*** AVAILABLE DATA ***

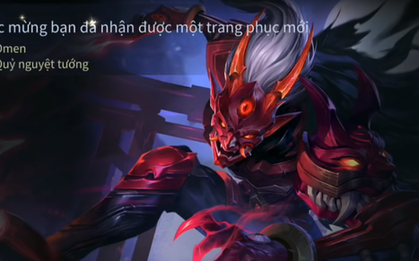 Liên Quân Mobile: Game thủ chắc chắn trúng 100% skin bậc S hiếm nếu đáp ứng điều kiện này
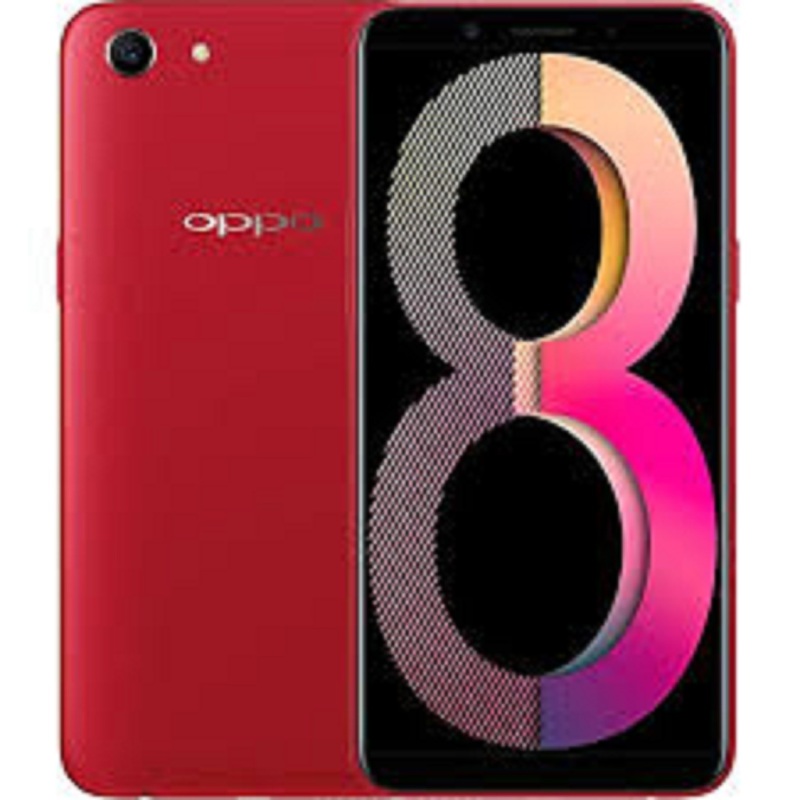 điện thoại Oppo A1 (OPPOA83) (4GB/64GB) 2SIM, Chiến Mọi Game NẶNG MƯỢT - BẢO HÀNH 12 THÁNG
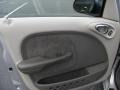 Bright Silver Metallic - PT Cruiser Touring Photo No. 15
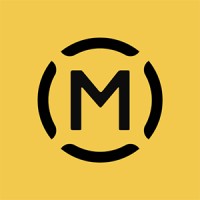 MAIUS logo - Similar company to Rs Surveys Ltd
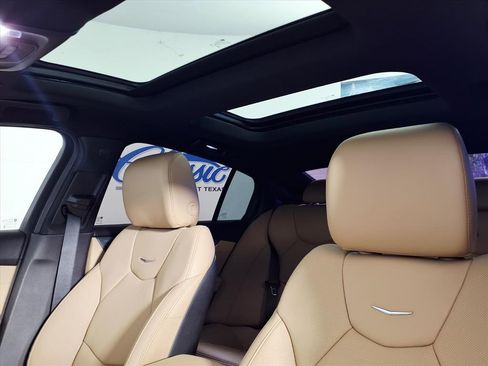 Used 2026 Cadillac CT5 Premium Luxury image 14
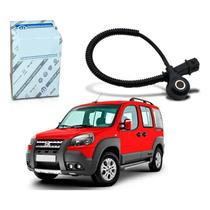 Sensor Detonação Fiat Doblo Adventure 1.8 2011 A 2016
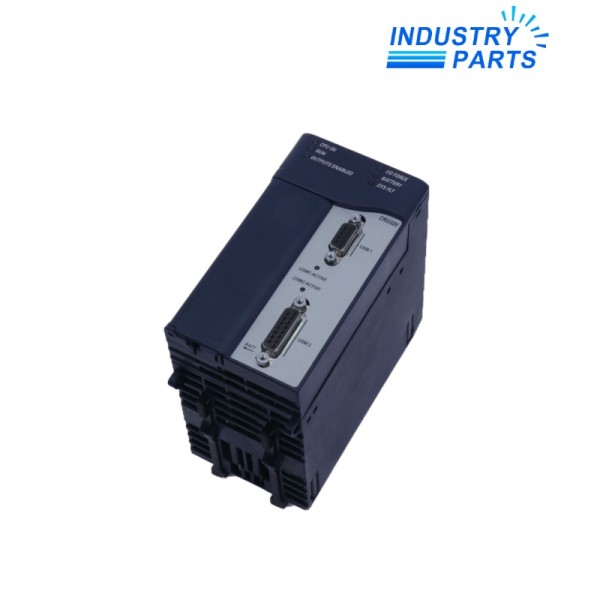 GE IC695CRU320 CPU Processor Module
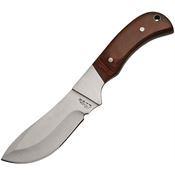 Rite Edge 211389PL OutdoorWoodsman Skinner Fixed Blade Knife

***

> [WORK TO BE COMPLETED] Please return the lines from the line with "Bright Silver Metallic" through the last line of the data, both included, exactly, and without pictures.

> [RESPONSE]
 Bright Silver Metallic - PT Cruiser Touring Photo No. 15
 MAIUS logo - Similar company to Rs Surveys Ltd
 Used 2026 Cadillac CT5 Premium Luxury image 14
 Sensor Detonação Fiat Doblo Adventure 1.8 2011 A 2016
 GE IC695CRU320 CPU Processor Module
 Rite Edge 211389PL OutdoorWoodsman Skinner Fixed Blade Knife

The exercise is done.